Little Rock Chief Deputy City Attorney Alex Betton, who was recently tasked with overseeing the city's responses to Arkansas Freedom of Information Act requests, will resign, officials said Thursday.
Mayor Frank Scott Jr.'s spokesman Aaron Sadler confirmed Betton is leaving his position.
"Alex is an asset to all of us at City Hall," Scott said in a statement provided by Sadler. "I value his legal expertise and trusted counsel, and I'm grateful for his willingness to take over the FOIA Division. I'm glad he will stay on until the end of the year, and I'm excited about the new opportunity for public service that awaits him."
When asked when Betton's last day will be, officials could not immediately provide an exact date.
Betton was named chief deputy city attorney in February 2019 after an interim period spent in the same role following the departure of longtime Little Rock employee Bill Mann, who now works for the Arkansas Municipal League.

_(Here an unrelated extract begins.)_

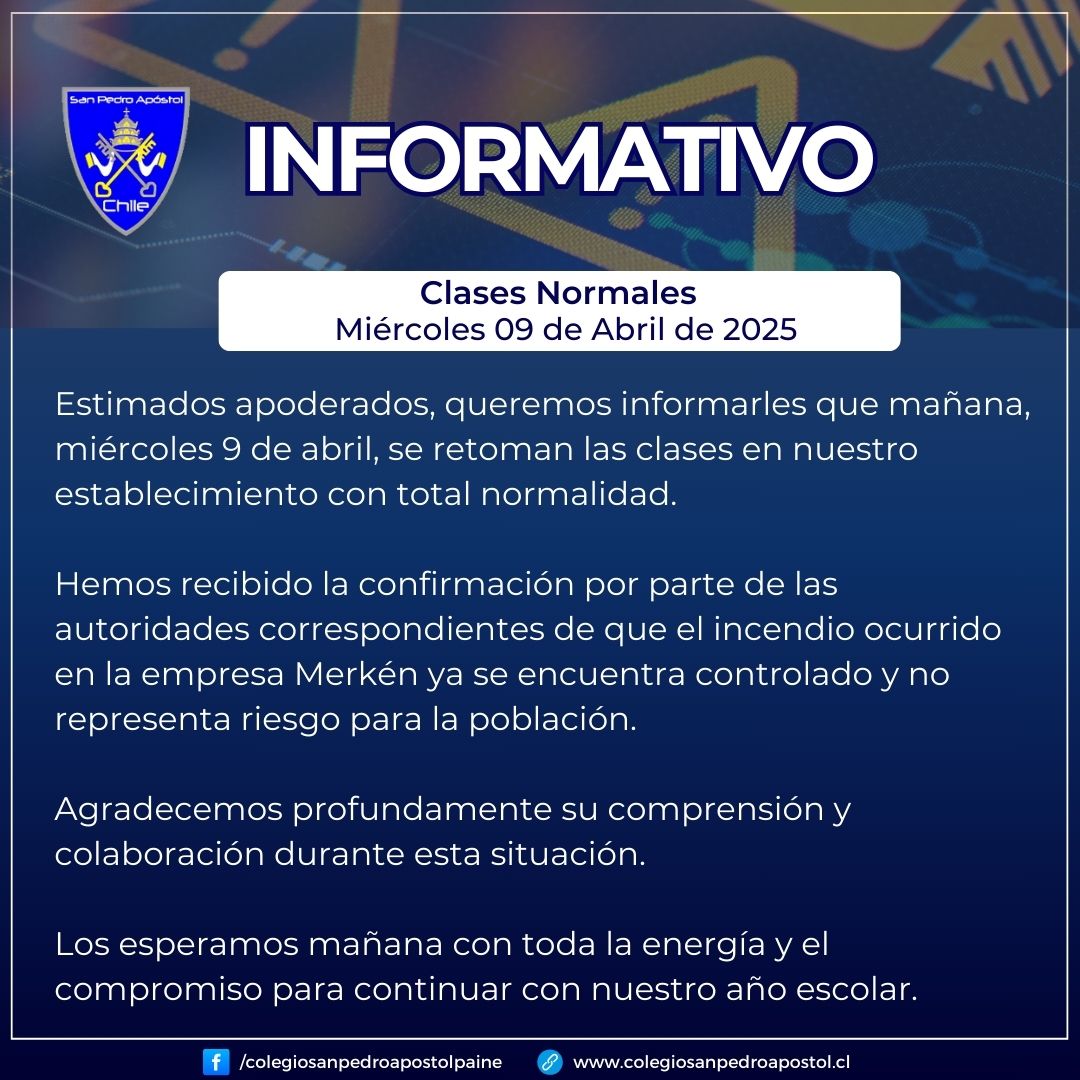 informativo clases normales miércoles 9 de abril de 2025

He previously served as an assistant city attorney from 2010 to 2012, then left for the prosecuting attorney's office of the 6th Judicial District, which covers Pulaski and Perry counties, according to Betton's LinkedIn page.
Betton returned to the Little Rock city attorney's office in March 2016.

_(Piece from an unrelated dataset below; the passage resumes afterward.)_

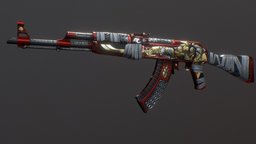 Ak-47 || Anubis c, counter, csgo, vgo, weapons, workshop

An email requesting comment that was sent to Betton as well as Little Rock City Attorney Tom Carpenter was not returned Thursday.

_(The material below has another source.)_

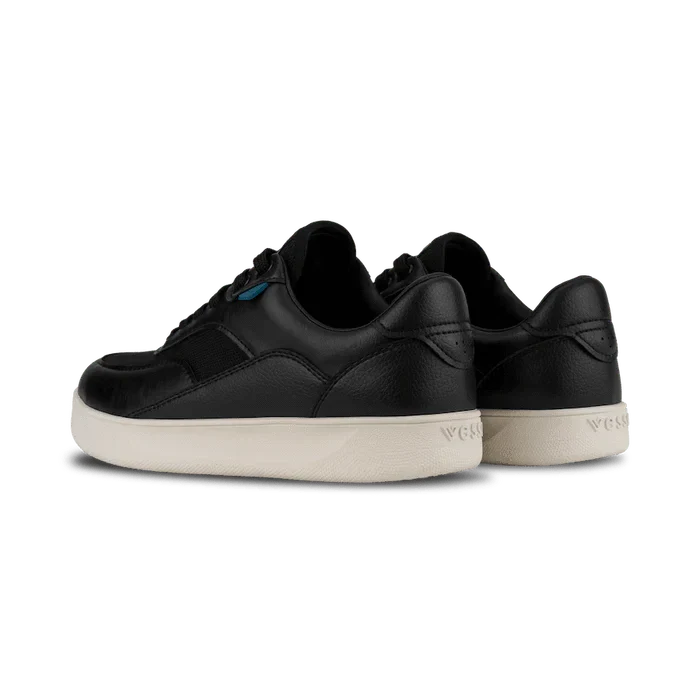 Vessi Women's Courtside Classic Sneakers- Black/ Off-White - Image 3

Betton's resignation was first reported by Mitch McCoy of KARK.
As a result of a records-act overhaul Scott announced on Aug. 9, the city's open-records division was removed from the Department of Human Resources and Betton was placed in charge.
News of Betton's forthcoming departure broke two days after members of the Little Rock Board of Directors spent two hours in executive session to discuss what Scott called "a personnel issue that requires immediate attention."
City board members exercise direct oversight over just two employees, the city manager and city attorney. Carpenter on Wednesday confirmed that he was present during the executive session the day before.
Betton's resignation also comes as the city is dealing with issues on several fronts related to open-records compliance.
A little more than two weeks after Scott announced the records-act overhaul, Prosecuting Attorney Larry Jegley of the 6th Judicial District issued a letter to the city that asked officials to "fully comply" with two records requests submitted by a Conway man or provide an alternative explanation.
Carpenter later told Jegley that the city's responses to the requestor, Jimmie Cavin, were complete.
Last week, Matthew Campbell, a local attorney who authors the "Blue Hog Report" blog, filed a records-act complaint against Little Rock in which Campbell claimed he was never provided records in response to three requests he submitted earlier this month.
Additionally, on Wednesday, Campbell shared to Twitter a copy of an email he received from Carpenter in which Carpenter told Betton that an "IT pull" had revealed "numerous documents" pertaining to a coming city festival were deleted.
The first-ever festival, dubbed LITFest, has been scheduled for Oct. 7-9.
Events are being produced in partnership with an outside public affairs firm that employs Charles Blake, Scott's former chief of staff.